その歴史は、岩手県雫石町に位置する小岩井農場で、1899(明治32)年に木製チャーンと呼ばれるバター製造機を輸入して製造方法の研究を開始し、翌年春試作に成功したことに始まります。
製造方法は、既にヨーロッパでは主流だった自然醗酵を利用したもので、その素となるスターター(=クリームを醗酵させる乳酸菌培養液。独特の風味をつくる)を安定させてつくることに非常に多くの苦心がはらわれました。
苦心の末、1902(明治35)年に市販が開始されますが、我が国の一般家庭では、まだ乳製品が食卓に姿を見せることは無く、これに匹敵する商品は皆無に等しかったのです。

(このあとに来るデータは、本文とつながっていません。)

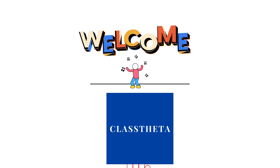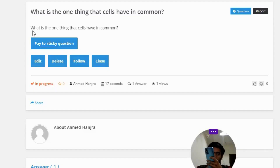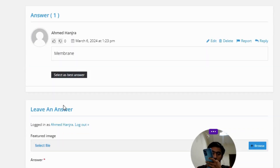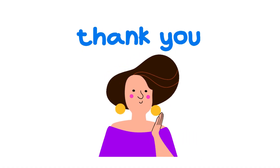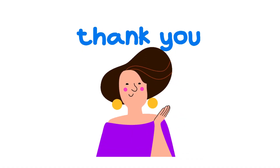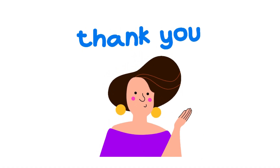Our today's question is: what is the one thing that cells have in common? The correct answer of the question is membrane. That's the correct answer of the question. If you have any question, just leave a comment and I will be answering you as soon as I can.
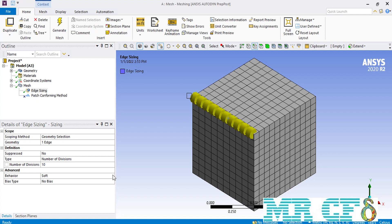However, when you select the hard option, you make the mesh cells placed over a selected entity — in this case an edge — a reference for other settings and sections. This means the software will not change the size of each element placed over this edge, regardless of what happens to other sections of your geometry or other settings you have applied. Normally, the hard option is selected in front of the behavior.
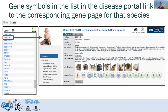In the portal, gene symbols in the list also link to the corresponding gene page for that species. The gene page gives easy access to orthologous genes at RGD and also to orthologs at the Alliance of Genome Resources, which in addition to mouse, rat, and human has data for zebrafish, C. elegans, Drosophila, and yeast.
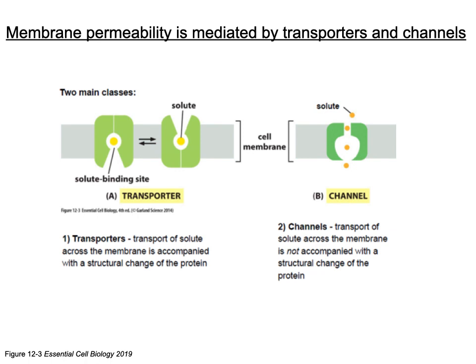When proteins are involved in permeability, we can have transporters or channels. Transporters specifically bind to a substrate or solute and, due to conformational or structural changes, move it inside the cell — a controlled movement. Channels create pores large enough for the molecule to move through without structural change; the hole in the channel allows the solute to pass through.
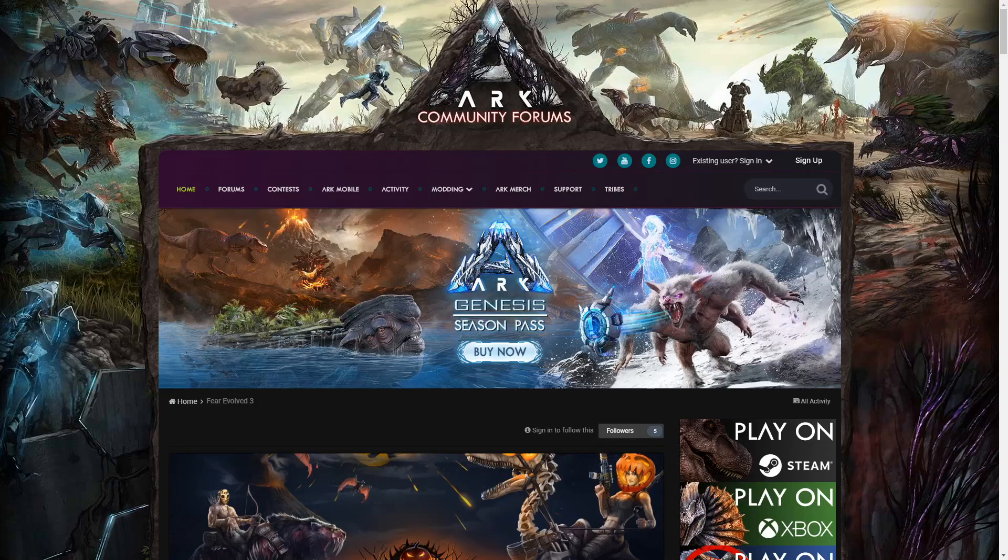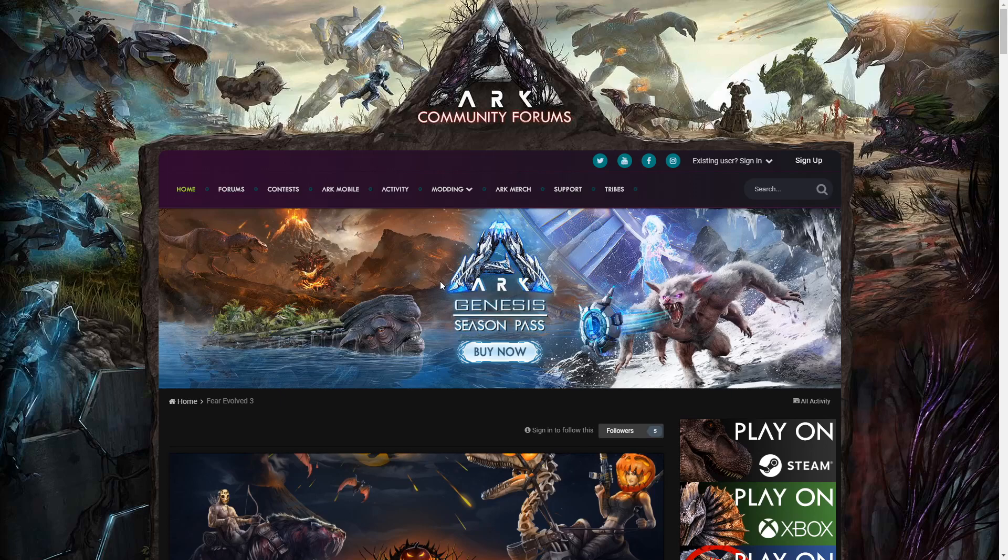Hello everyone, I'm King Evolved and welcome to a video on Ark Evolved. Today I'm going to be talking about when Genesis is going to actually release.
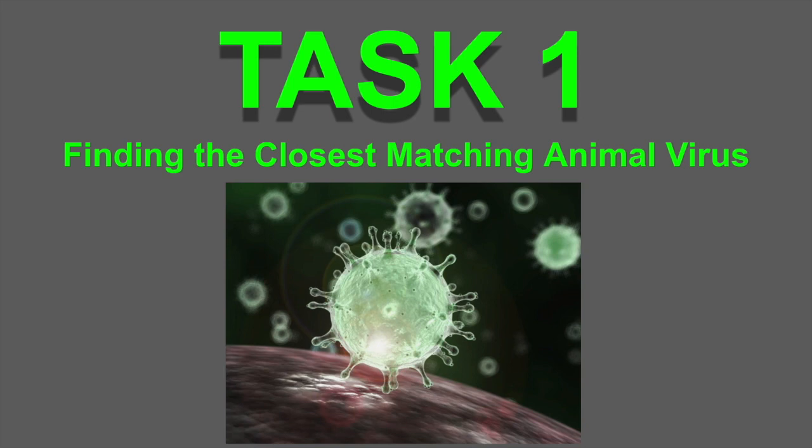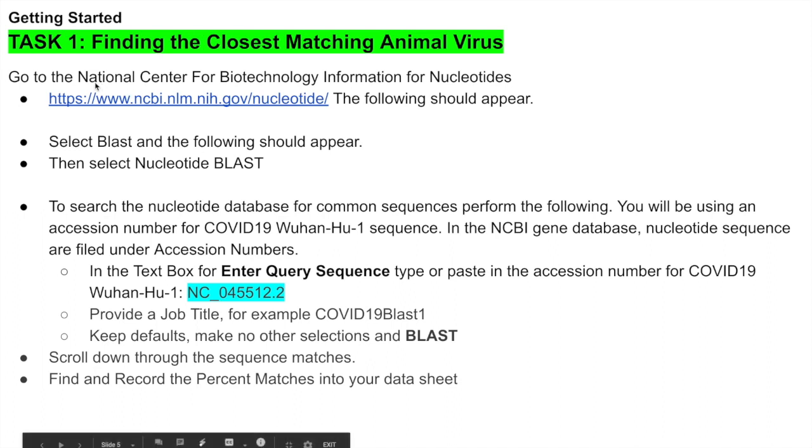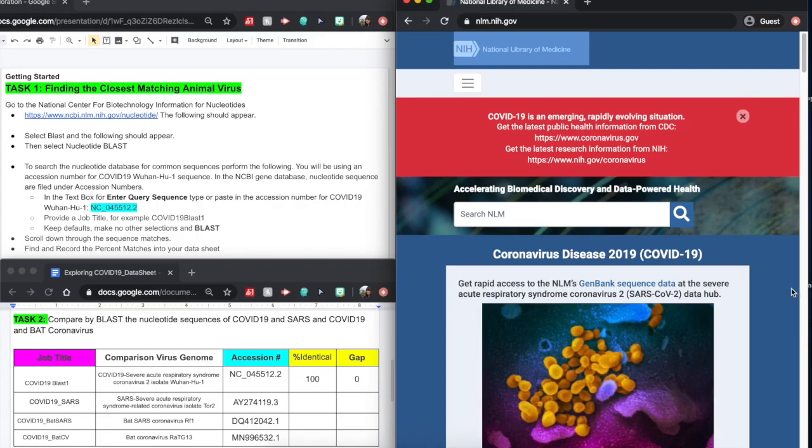In task one, we're going to find the closest matching animal virus. The first step is to access the National Center for Biotechnology Information using this website here. We're just going to copy and paste it into a new web browser.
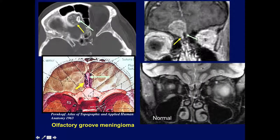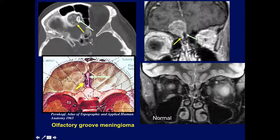Here is another unilateral olfactory groove meningioma extending down towards the cribriform plate. Notice the crista galli here. On CT there's no doubt this is a meningioma — we see long-term bone erosion and the small calcification characteristic of meningioma. On the coronal MR, the crista galli is visible with the tumor expanding into the region of the cribriform plate.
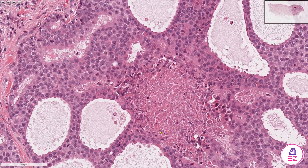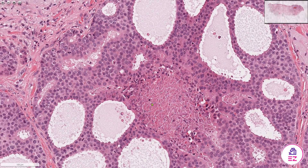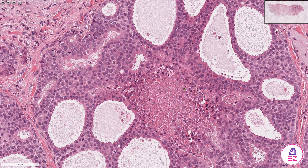If we look more closely, we can see that some of these cyst-like spaces contain comedotype necrosis. Whenever I see necrosis in salivary gland tumors, I tend to associate it with high-grade tumors, and a salivary duct carcinoma is considered a high-grade salivary neoplasm.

ですから、「小岩井純良バター」は、当時の在日外国人や宮内庁等のごく限られた人々の間でしか知られていませんでしたが、その芳醇な風味は、ここで大変高い評価を得ました。
そして、1903(明治36)年に開催された 第5回内国勧業博覧会(=明治10年~36年の間に5回開催された我が国初の本格的な産業博覧会)において“二等賞”を、1966(昭和41)年には“農林大臣賞”を受賞しております。
この間には、容器を当初の缶から瓶へ変更したり、スターターの安定供給等をはかったほか、第二次世界大戦など激動の時代をも乗り越えて、生産を続けてまいりました。
1976(昭和51)年、小岩井農場を経営している小岩井農牧社とキリンビール社の折半出資により当社が設立されたのを機に、全国への販売を開始し、今日では、パンには勿論、さまざまなお料理に広く愛用されており、ラインナップには瓶入り(160g)とプラカップ容器入り(150g)があります。
「小岩井純良バター」がここに発売百周年を迎えられますのは、多くのお客様に長年ご愛顧いただいてまいりましたことはもとより、先人たちのたゆまぬ努力の結晶、情熱と希望の証でもあります。
長い歴史と伝統に培われた逸品である「小岩井純良バター」を、今後も品質とおいしさにこだわった小岩井乳製品の代表格として位置づけてまいります。